Last modified:Thursday 31 October 2019
It is in the company's own interests to include general conditions with their documents.
Thanks to these general sales conditions, the company may choose, within certain limits, a more favourable legal context guaranteeing better management of its debts.
General conditions must meet two conditions:
- The other party must accept them;
- they must be valid (they cannot be undue).
Acceptance of the general conditions
The general conditions do not only concern an abusive situation towards the buyer or an imbalance between the parties but also demonstrate that your creditor has knowledge of said conditions and that they have understood and accepted them.
The creditor must have had the opportunity to consult the content of the general conditions before or no later than the time of concluding the contract.
It is assumed that the customers are aware of the general conditions if the latter are mentioned on the purchase order, the quote, or any other document provided to them before the conclusion of the contract.
In addition, the creditor must have accepted the general conditions either expressly or tacitly
The validity conditions of the general conditions
The clauses of the general conditions may not be illegitimate.
The law protects the consumer, which is to say: any individual or legal entity who decides to acquire the products or services or to use them, outside of any professional activity.

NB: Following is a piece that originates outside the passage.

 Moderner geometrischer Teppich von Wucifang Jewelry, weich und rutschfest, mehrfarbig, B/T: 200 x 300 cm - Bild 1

For this reason, it is strictly prohibited to use a contractual clause which will create a clear imbalance between the rights and duties of the parties. If such an illegitimate clause is included in the general conditions, the contract between the retailer and the consumer will be considered as null and void.
For example, it is prohibited to set out relatively short delays for a defect to be notified to the seller, to require the consumer to waive all recourse against the seller, to fluctuate prices depending solely on the wishes of the seller.